Looking for high control Slow and Fast Motor (0.3 - 600 rpm)

I’m looking for a motor connecting to an Arduino or Adafruit Motor Shield
(DC, BLDC with ESC, Servo or Stepper)
that can handle very sensibly controlled low rpm’s (as low as 0.3 rpm)
but at the same time is also able to run as fast as 600+ rpm.

The slow precision is more important than the fast end.
It would also be acceptable if it would only go as high as 300 rpm or something, if need be.
Direction needs to be reversible.
Operating Voltage is preferably in the 5-12V range.

Brushed DC
At the moment I’m using a Powerdrill Brushed DC controlled with a separate PWM-Board with a Poti.
The problem with this setup is, that I have no feedback of the actual speed of the motor and it gets hot when running slow (and also noisy).

Stepper
On the other hand I’m running a stepper on the motor shield for a different task, making it obvious that a stepper in general would be precise enough when slow, but never fast enough for my task in the high range.

Brushless DC + ESC
I Informed myself about RC Brushless motors with some experts, who believed, that even motors as high as 60T or 80T for crawlers would never run slow and controlled enough in the low range.

Continuous rotation Servo
Maybe this could be what I’m looking for, but is the movement ever so precise when running very slow?
I’ve found this one which seems to be capable of around 180 rpm, which is a bit slow.
Are the turns exact and controllable in the super-slow range?

Which motors should I look at?

Hello hzzm!

I recently had a chat with someone who showed me these DC motors, which look really smart: https://www.gobilda.com/yellow-jacket-planetary-gear-motors/

Also, these: https://www.pololu.com/category/115/25d-metal-gearmotors

You didn’t say how powerful they need to be, but the above are closer to the DC drill motor you’re using.

If you can use something smaller, there’s always the N20 gearmotors that I’m using myself. There are loads of nice motors here on Robotshop.

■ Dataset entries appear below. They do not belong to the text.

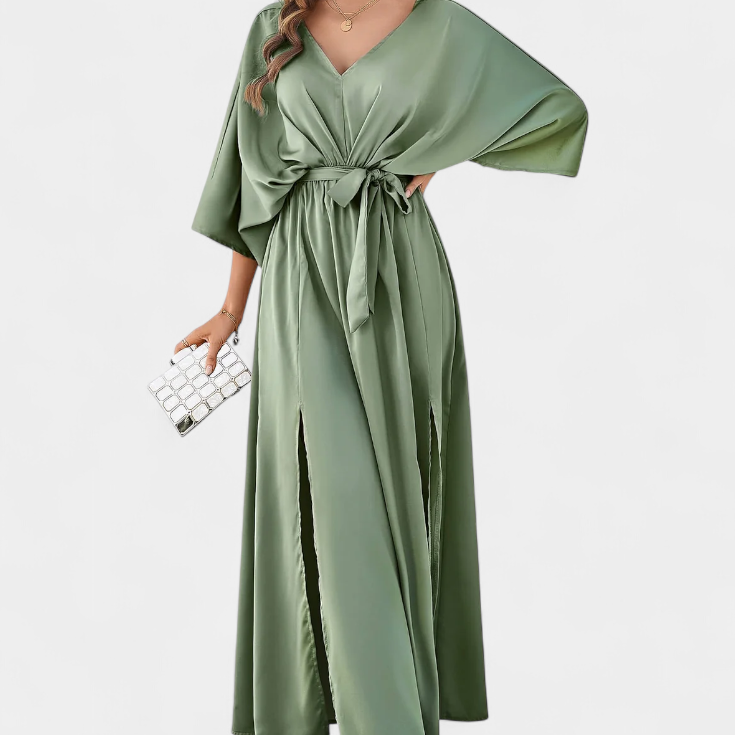 Milly Vestido Elegante con Abertura y Lazo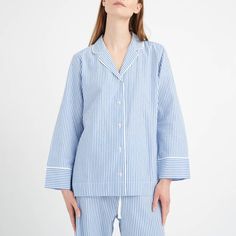 Collared NeckButton ThroughWide SleeveComposition: 100% CottonColour: BlueCare: Machine Wash Cotton Pyjamas, Pajama Shirt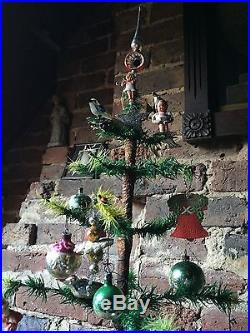 ANTIQUE VINTAGE 36 TALL GOOSE FEATHER CHRISTMAS TREE & 30 DECORATIONS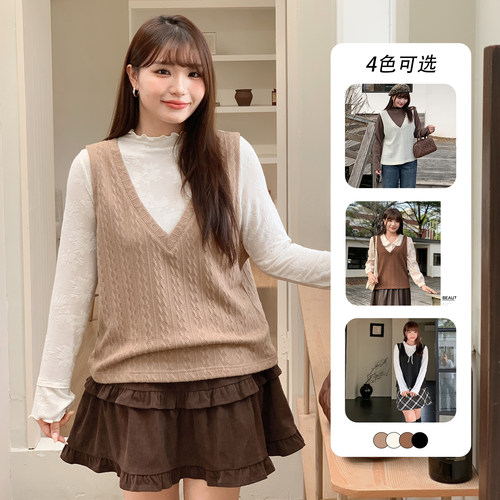 大码女装麻花针织背心马甲上衣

Regarding control, that’s really why I’m replying. It sounds like your issue is more control than motor. I’ve developed a 4ch motor controller that uses quadrature feedback and can do both speed and position closed loop control. To use it you’ll need a motor with quadrature encoder. In position control mode you can do ridiculously slow ramps like 0.000001 transitions/s, up to 50,000. The exact rpm range depends on your gearing and quadrature resolution, but almost any motor would allow you the range you specified, with this controller.

You can have a look at my controller here: https://www.robotshop.com/en/chipbotics-quadquad2drv-connectorless-pid-motor-controller-with-quadrature-feedback.html

I’m looking to keep developing it and add new functions as needed by users. I have an Arduino library for the SPI interface, but if you need something else let me know and I might add it.

Thank you for your input.
I forgot to say, it doesn’t need any torque really.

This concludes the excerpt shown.